Feakins woke up with vivid memories of her dream. “In fact, it brought me to tears,” she says.
“I’d been seeking God’s will in regard to becoming a uniformed soldier,” she reflects. “In this dream, my boss represented Jesus. He wasn’t asking me to get a uniform to simply attain a high level of membership in The Salvation Army—the third floor—or to have people just look at me and admire my good works. He wasn’t calling me to wear the uniform whenever it was convenient—the magnetic uniform. He was asking me to wear it into the community, to be the hands and feet of Christ. It was about rededicating my life as a bride of Christ—which is why I was wearing a wedding dress. Jesus was asking me to be different, to be pure, to stand out and to love deeply and wholly as I serve him.”
Symbol of Hope
That dream was transformational for Feakins.
“I felt the dream was God challenging me to make a deeper commitment to my faith,” she says. “And for me, taking that important step in my walk of faith was my way of saying I was going to make it work, despite the hassles of the commute or how I felt about the uniform.”

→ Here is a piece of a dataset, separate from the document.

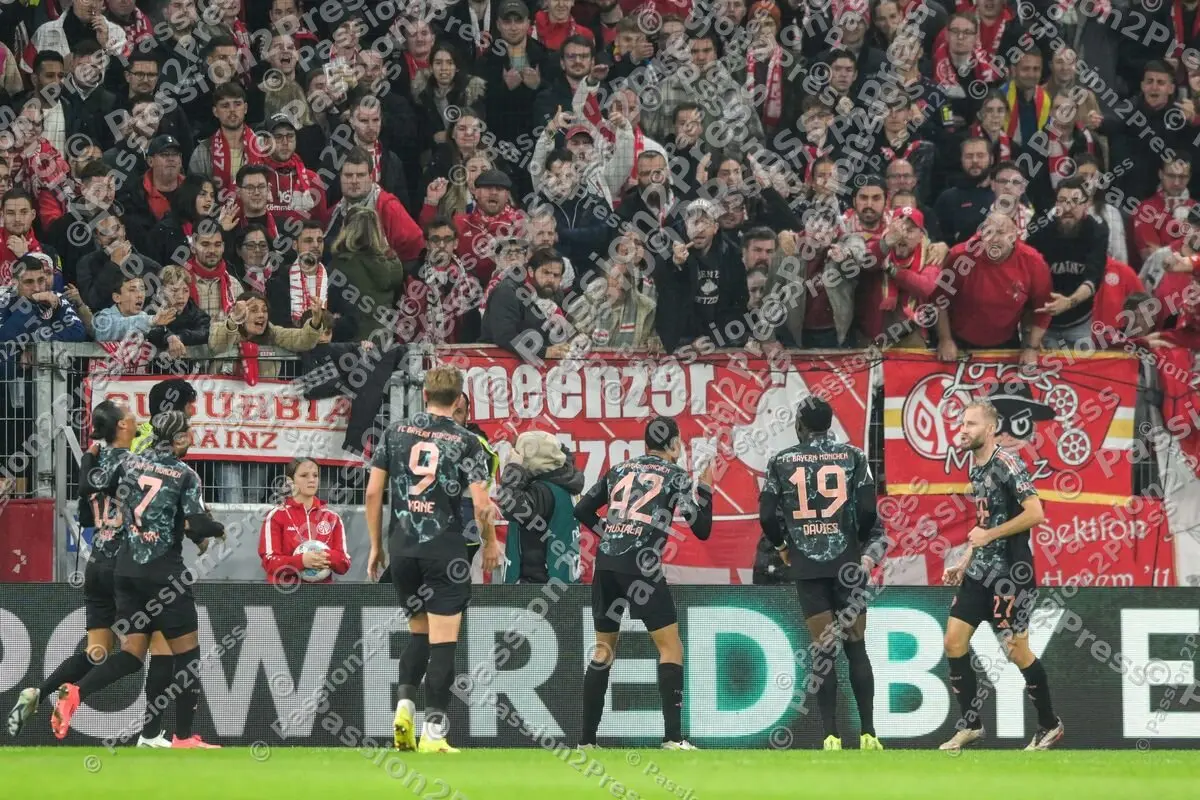 FSVFCB_20241030_1577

Feakins became a soldier on December 18, in time for the holidays. Though she had been on the kettles before, this was her first Christmas in uniform, and the difference was pronounced.
“I wore a skirt, and it was cold!” she laughs. “But the number of conversations I struck up with people being in my uniform, telling them what the Army does and stands for, was profound.
“The uniform is not some status symbol for those who are part of the church,” she concludes. “It stands for something. It’s a symbol of hope for people who need it. And I am proud of that.”